### Directions for this task
Please return the records below exactly as they appear, leaving every picture out.

### Source data

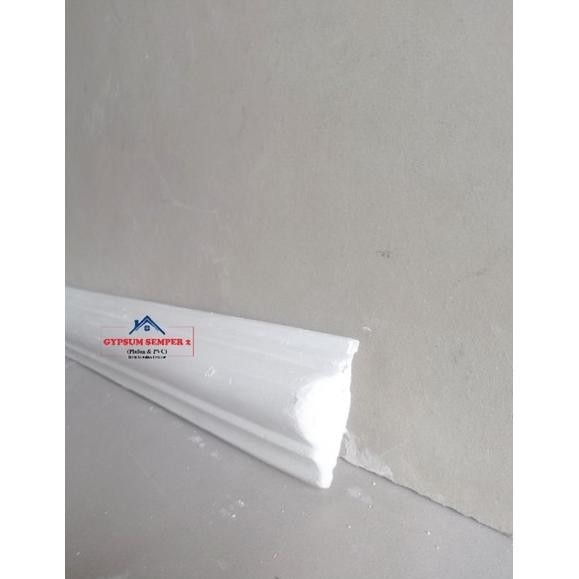 Wall Moulding Polos List Gypsum Hiasan Dinding / Wall Moulding Gypsum List Gypsum Hiasan Dinding / Wallcousting Moulding Gypsum Gipsum / Wall Moulding Gypsum  / Wallmoulding Gipsum / Dekorasi Gypsum Plafon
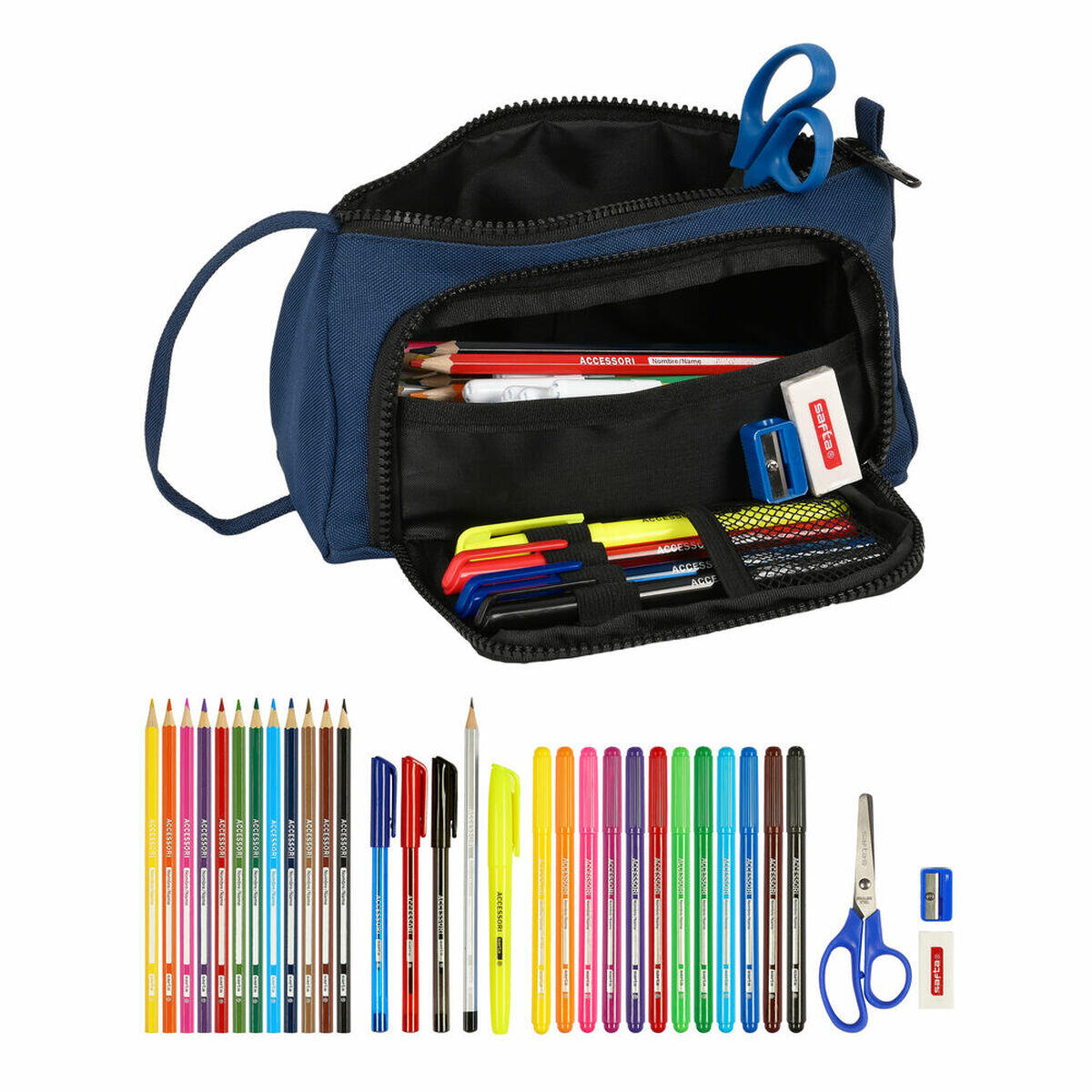 Estuche Escolar con Accesorios BlackFit8 Urban 2/4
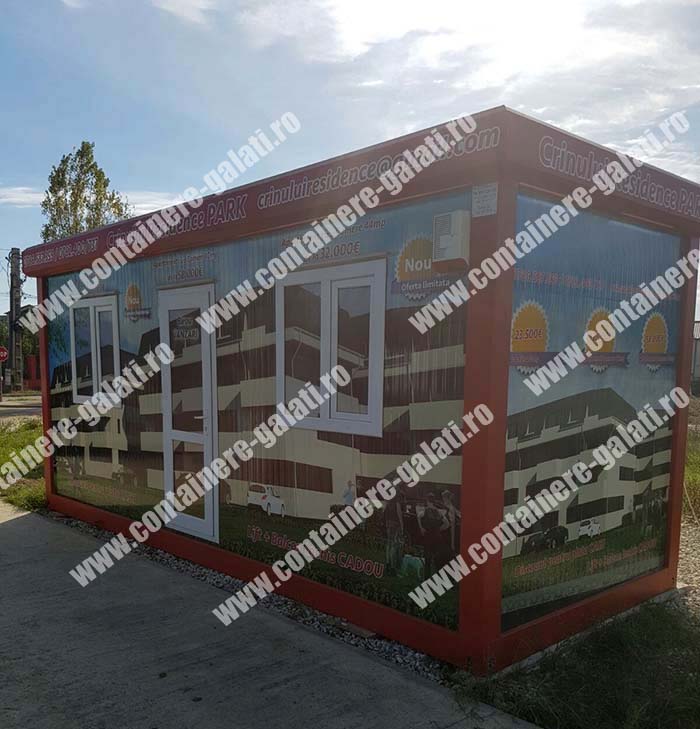 container metalic second hand pret Vrancea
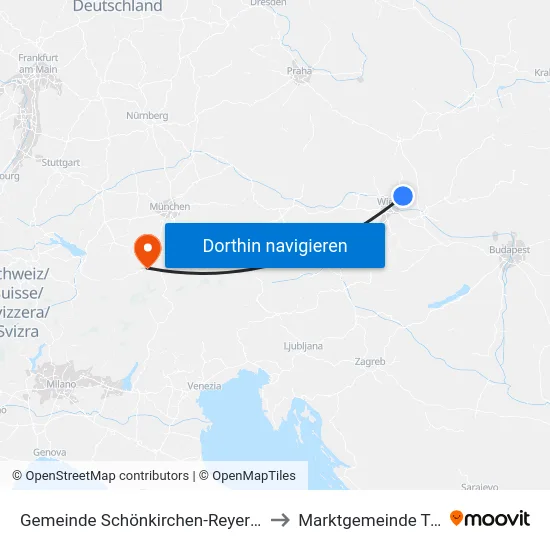 Gemeinde Schönkirchen-Reyersdorf to Marktgemeinde Telfs map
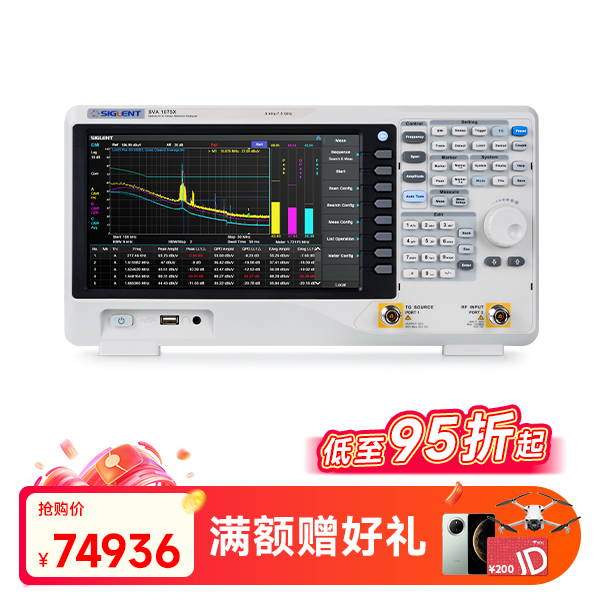 SVA1075X 频谱&矢量网络分析仪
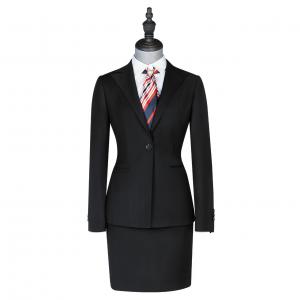 Quality Womens Plus Size Business Suits V-neck Skirt and Blazer Set for Formal Office Wear wholesale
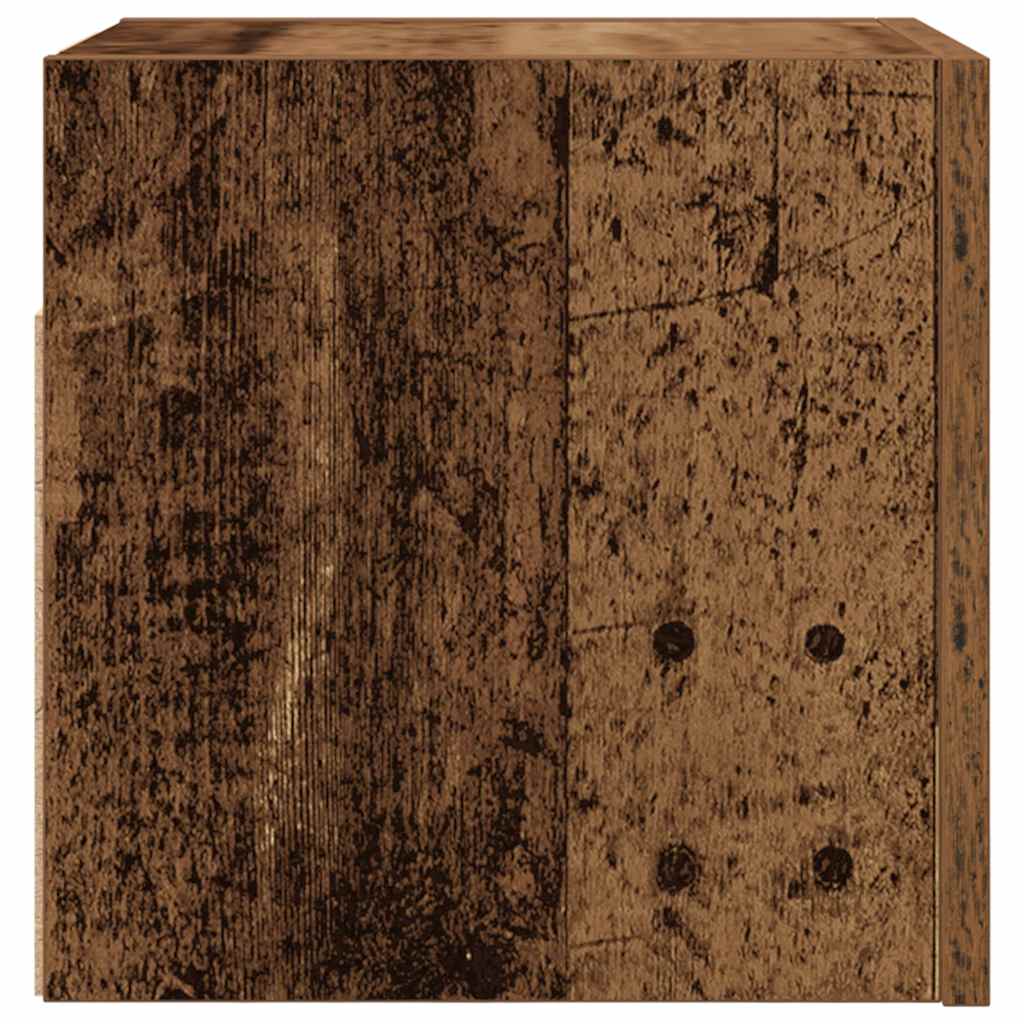 vidaXL TV-Wandschrank Altholz-Optik 30,5x30x30 cm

### Written response
 Wall Moulding Polos List Gypsum Hiasan Dinding / Wall Moulding Gypsum List Gypsum Hiasan Dinding / Wallcousting Moulding Gypsum Gipsum / Wall Moulding Gypsum  / Wallmoulding Gipsum / Dekorasi Gypsum Plafon
 Estuche Escolar con Accesorios BlackFit8 Urban 2/4
 container metalic second hand pret Vrancea
 Gemeinde Schönkirchen-Reyersdorf to Marktgemeinde Telfs map
 SVA1075X 频谱&矢量网络分析仪
 Quality Womens Plus Size Business Suits V-neck Skirt and Blazer Set for Formal Office Wear wholesale
 vidaXL TV-Wandschrank Altholz-Optik 30,5x30x30 cm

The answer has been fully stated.